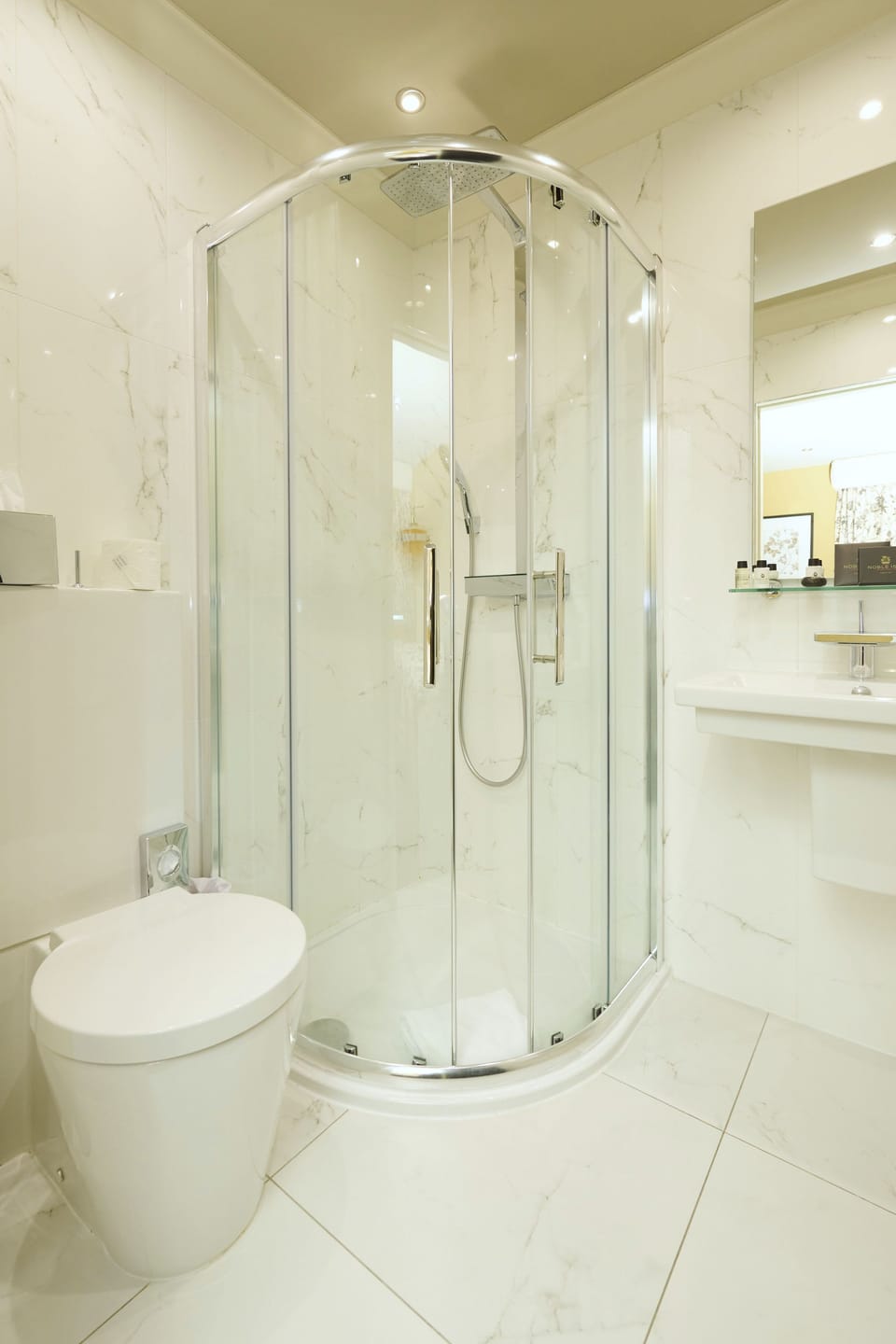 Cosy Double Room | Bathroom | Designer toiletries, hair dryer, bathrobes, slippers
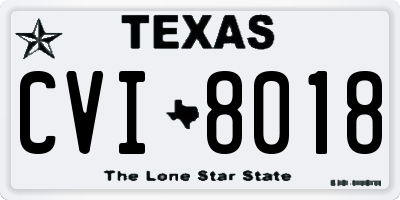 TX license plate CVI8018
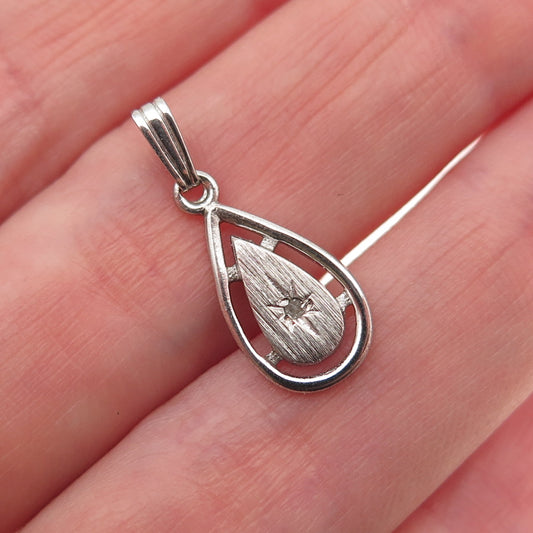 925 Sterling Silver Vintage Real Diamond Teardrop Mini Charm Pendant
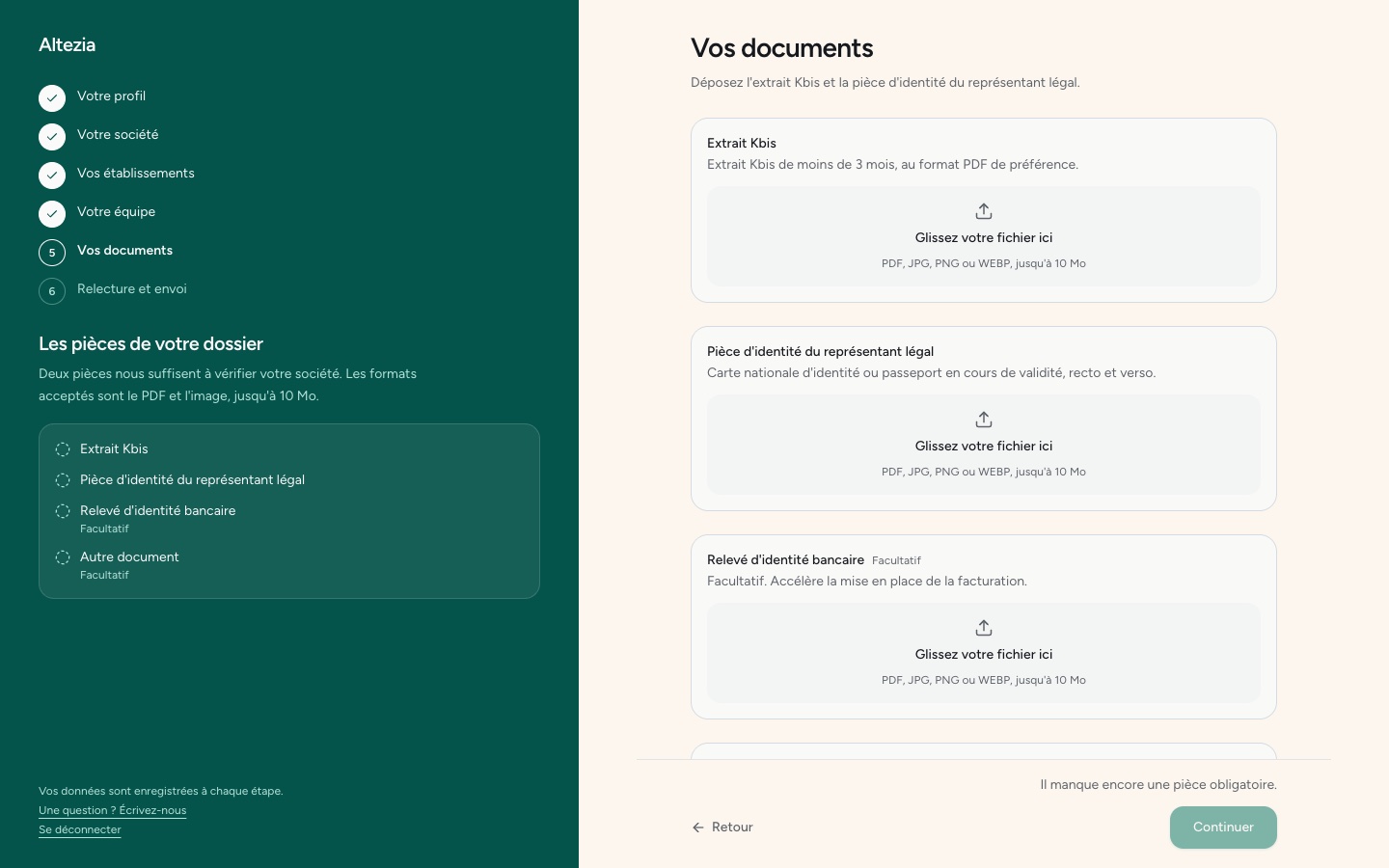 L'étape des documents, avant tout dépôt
________________________
Write out the data in full and exactly as given, though without the images.

> [Answer section]
 Cosy Double Room | Bathroom | Designer toiletries, hair dryer, bathrobes, slippers
 TX license plate CVI8018
 925 Sterling Silver Vintage Real Diamond Teardrop Mini Charm Pendant
 L'étape des documents, avant tout dépôt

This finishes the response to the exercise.